◆ **Extracted material**:
:::::
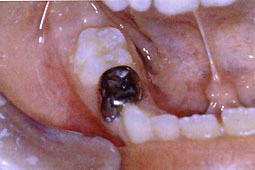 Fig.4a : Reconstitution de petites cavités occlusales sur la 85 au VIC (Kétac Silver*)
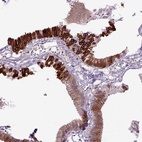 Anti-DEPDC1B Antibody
:::::
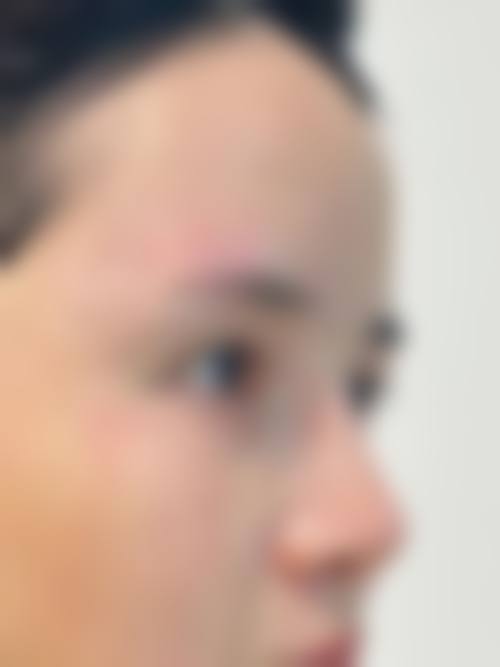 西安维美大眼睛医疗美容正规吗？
:::::
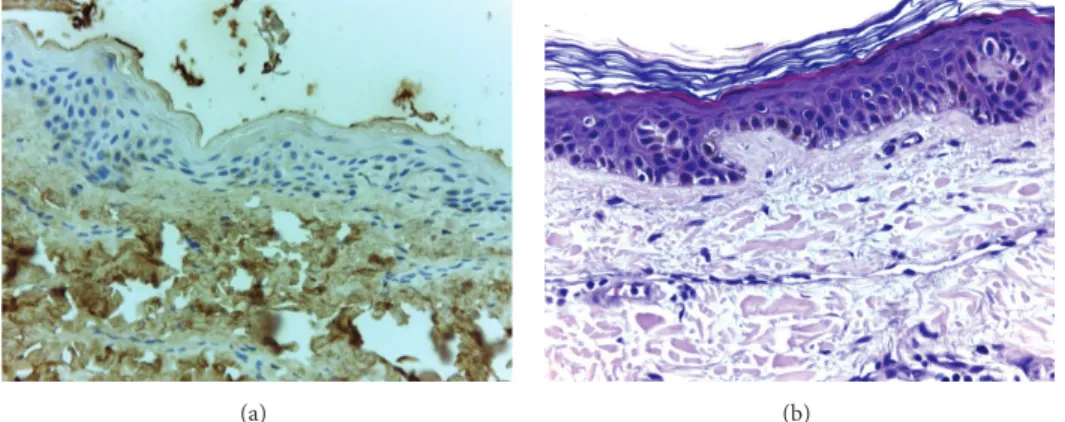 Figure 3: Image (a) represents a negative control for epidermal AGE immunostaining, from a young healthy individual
:::::
◆ **Prompt**: What should come back is an exact copy of the lines above from the line with "Fig.4a : Reconstitution" to the line with "Anti-DEPDC1B Antibody", both included, minus the pictures.

◆ **Output of the exercise**:
 Fig.4a : Reconstitution de petites cavités occlusales sur la 85 au VIC (Kétac Silver*)
 Anti-DEPDC1B Antibody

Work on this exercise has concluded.